Homeowners in the United States use more energy to heat and cool their homes than they use for any other purpose — it can often be as great as 40% of a home’s energy consumption, on average.

In Florida’s climate, it can be particularly costly to keep interiors at a comfortable temperature during the summer. 

Don Cross, a home solutions specialist at Armstrong Air and Heating, based in Winter Garden, said one of the easiest ways to save money on air costs is to have systems regularly maintained.

“We try and educate homeowners to think of their AC systems like cars,” Cross said. “Most people won’t go a year without changing oil and rotating tires, so why go a year without servicing your AC system?”

Central air conditioning units are more efficient than room air conditioners. And for homes with central air, there are some new technologies for people who wish to cut their electric costs and carbon footprint, as well as some improvements to familiar methods that have always been considered effective. 

ENERGY STAR

As of Jan. 1, 2015, federal standards dictate that new air conditioning systems on the market must have a SEER rating of 14 or higher. The SEER, or seasonal energy efficiency ratio, is the cooling output during a typical cooling season divided by the total electric energy input during that season.

The efficiency of a system increases with the SEER. Systems that are certified by Energy Star have a SEER of 15 or higher.

Some Energy Star-certified systems increases efficiency by having a two-stage compressor that can operate at two speeds.

“Variable capacity is able to provide the precise amount of cooling your house needs by ramping itself up and down,” Cross said. “High speed for the really hot days and to get your house to temperature, and a low speed to maintain that temperature.”

Energy Star-certified systems tend to be more expensive to purchase than standard systems, but the cost difference is paid back over time through lower energy bills. 

CEILING FANS

In many Florida homes, air vents are located on or near the ceiling. As the cold air drops and the warm air rises, the whole room is cooled. But effective ceiling fans help the air-conditioning system by maintaining a steady air flow.

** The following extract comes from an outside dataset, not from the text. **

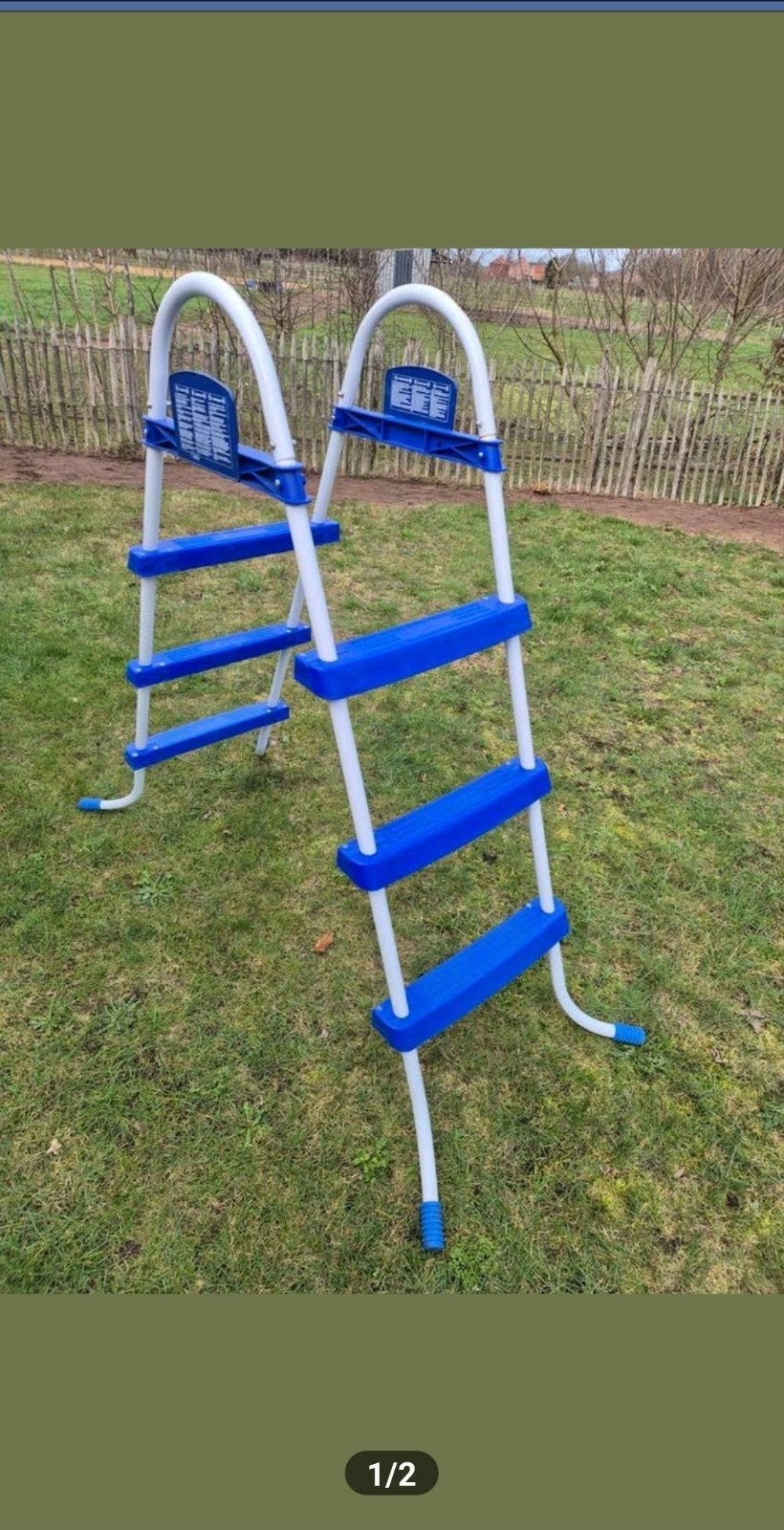 Bestaat zwembadladder, Ophalen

“It doesn’t raise or lower the temperature in the room, but it evens it out so that the AC doesn’t have to work as hard,” said Darby Serra, a representative of Dan’s Fan City in Ocoee.

AC systems and fans can complement each other if they are up-to-date and properly maintained.

“The more efficient the AC system, the better the fan will work for you,” Serra said. “I personally would tell you I never shut (my fans) off. I run them all on medium or low. It costs right around $2 a month.”

Fans with DC-powered motors use about half the power on high speed than regular fans, which have AC-powered (alternating current) motors. Because they are relatively new to the market, they currently are more expensive than AC-powered fans, but advances in technology and consumer demand will lower the price with time. 

THE FUTURE OF AIR

As the importance of sustainability continues to increase in our world, researchers and manufacturers will progress in the products they offer that make efficiency a priority.

In 2015, researchers at the University of Central Florida were the only collegiate team in the nation that received a grant from the U.S. Department of Energy to develop and demonstrate energy-efficient methods of home cooling systems. UCF’s portion of the Building America grant was $1 million.

“This research will help us develop integrated approaches to making homes more energy-efficient, while keeping them comfortable, healthy and durable,” said Eric Martin, the project leader and program director for the Florida Solar Energy Center’s Building Research Division at UCF.

UCF will be specifically focusing on humidity control, indoor air quality strategies and high-performance ventilation systems. 

As for ceiling fans, as the DC-powered fans become more commonly used, they will become less expensive.

“It’s probably going to be the future of ceiling fans, but currently, a good-quality AC motor will do it just fine,” Serra said.

Solar power is also on the rise, which will help homeowners save energy not just on air, but on all electric-powered expenses. There has been a rise in the number of solar-power systems in the South every year in the last decade, including a particularly sharp jump from about 12,700 systems in 2013 to 19,200 in 2014.  

Contact Catherine Sinclair at [email protected].

WORDS OF WISDOM

The Environmental Protection Agency offers these strategies for saving money and energy on heating and cooling costs:

• Change your air filter regularly. A dirty filter decreases air flow and makes the system work harder.

• Install a programmable thermostat.

• Seal your heating and cooling ducts to reduce leakage, particularly in ducts that run through the attic, crawlspace or garage. Insulate the ducts after they are sealed.

• If your HVAC equipment is more than 10 years old, have it evaluated by a professional contractor and consider an upgrade. 

NEST LEARNING THERMOSTAT

A new product called the Nest Learning Thermostat is available on the market and has been shown to save customers time, energy and money. Nest stores information about the temperatures that a household prefers according to the time of day, and it automatically regulates this schedule. It also saves energy by automatically powering down when no one is home.

For decades, it has been difficult to prove that programmable thermostats truly save energy. But a recent study from three independent research teams showed that the Nest system helped homeowners decrease their cooling costs by about 15%.

Nest syncs with smartphones. If homeowners forget to make an adjustment before they leave the house, they can use their phones to change the temperature and save energy and money while they are away.

A leaf appears on the Nest control screen to alert homeowners when they have made an adjustment that saves energy compared with their typical usage.

Certified Nest installers residing in West Orange County include: Airetronics, Armstrong Air and Heating, Florida Smart Homes, Help My Auto, Integrated Electronics and Keep It Cool.